Ellet J. Waggoner, one of the 1888 "messengers," had a similar experience. Ron Duffield, in the Foreword to Waggoner's The Everlasting Covenant writes: "At twenty seven years of age, the young physician had an experience that he would later describe as the turning point of his life. As he sat under a campmeeting tent listening to the gospel presented, suddenly a light shone about him, and the tent seemed illumined, as though the sun were shining. He describes the incident thus:
'I saw Christ crucified for me, and to me was revealed for the first time in my life the fact that God loved me, and that Christ gave Himself for me personally. It was all for me.' The light that shone upon him that day from the cross of Christ became the guide in all his Bible study. He resolved that the rest of his life would be devoted to discovering the message of God's love for individual sinners found in the pages of Scripture, and making that message plain to others."

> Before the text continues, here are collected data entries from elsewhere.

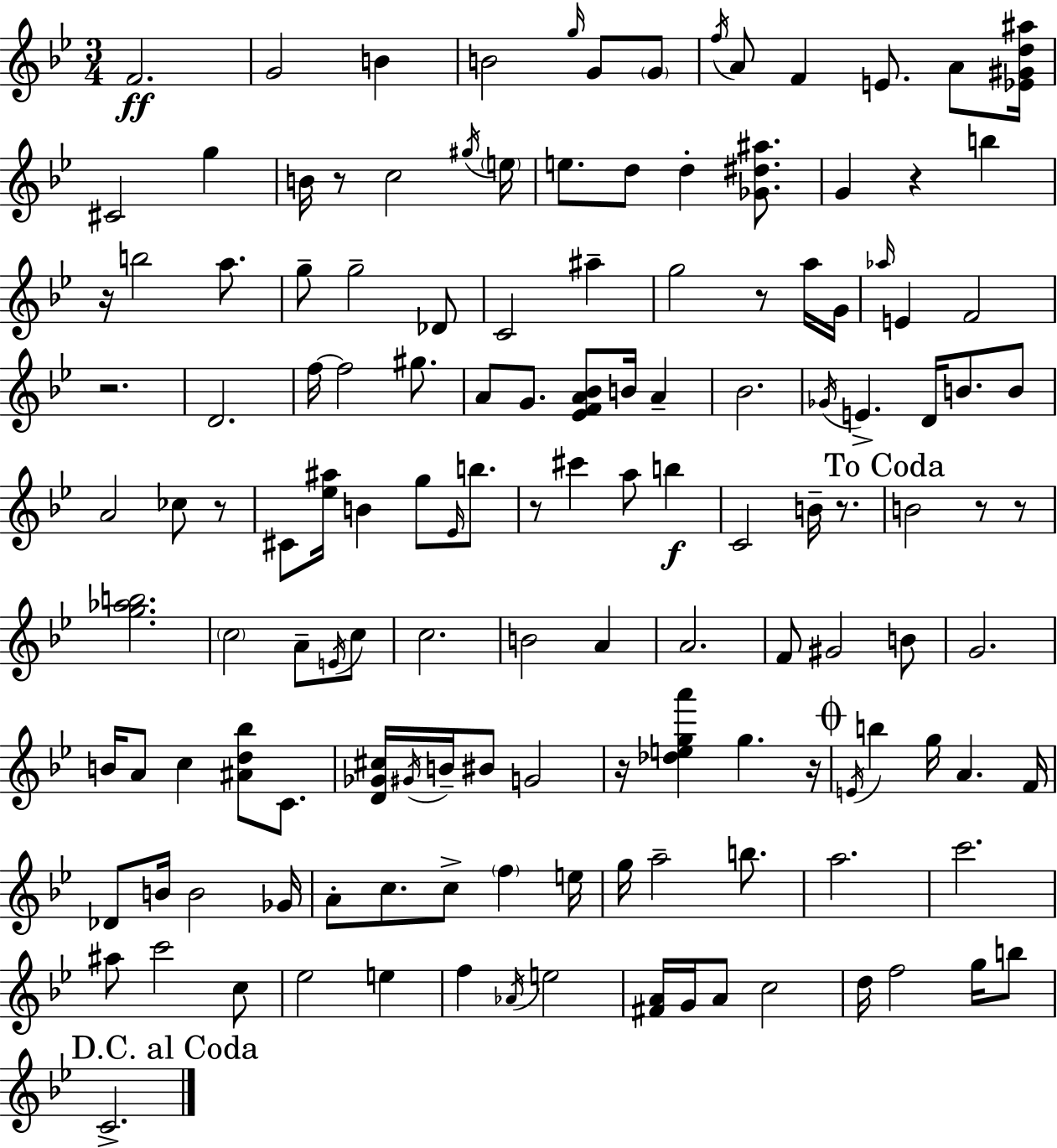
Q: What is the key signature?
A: BES major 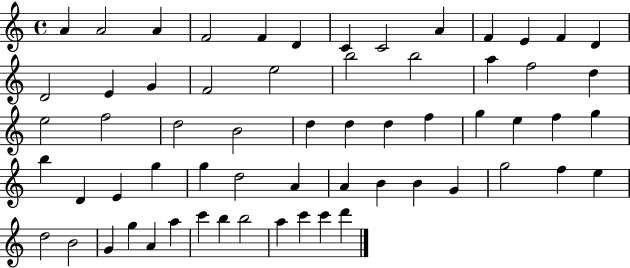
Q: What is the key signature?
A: C major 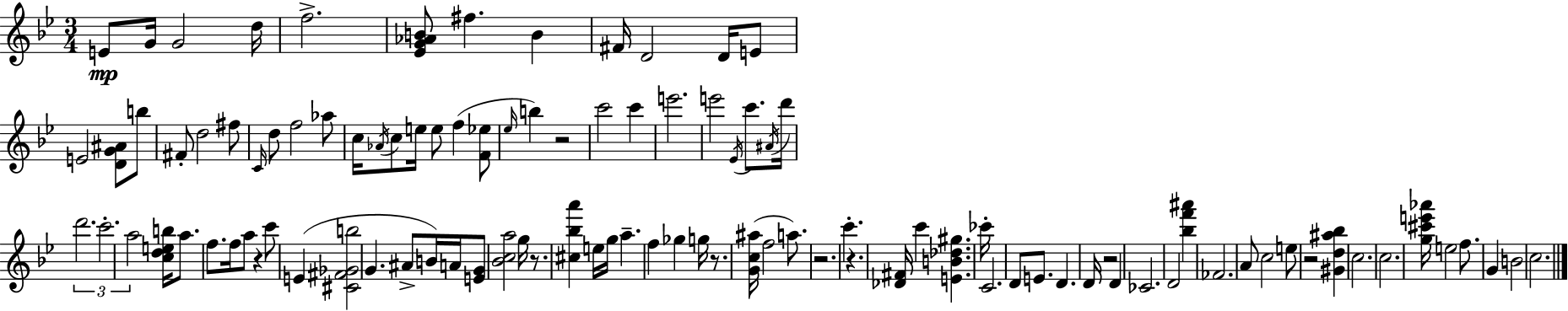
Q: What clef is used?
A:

Paul wrote, "If God is for us, who can be against us? He who did not spare His own Son, but delivered Him up for us all, how shall He not with Him also freely give us all things?" (Rom. 8:31, 32). How can we who appreciate such love not also freely give Him all things? Wouldn't such devotion include keeping all of His commandments, including the Lord's true Sabbath, even if the world disregards it? Any vestige of a self-caring truth cancels out faith. For one who accepts God's Good News, obedience that once may have seemed impossible becomes now a joyous principle.
God wins us by learning our language. God became Immanuel, which being interpreted is, God with us. In Christ, God became man, one of us; came close to us; reconciles us to Himself, wins our heart, not with terrifying threats, but as Psalm 18:35 says, "Your gentleness has made me great." Paul says to the Thessalonians, "We were gentle among you" (1 Thess. 2:7). The church on earth is to represent Christ to the world; if we were to understand sinners, we could win more of them. The Good News is that it's our privilege to share the joy of the Lord in winning them!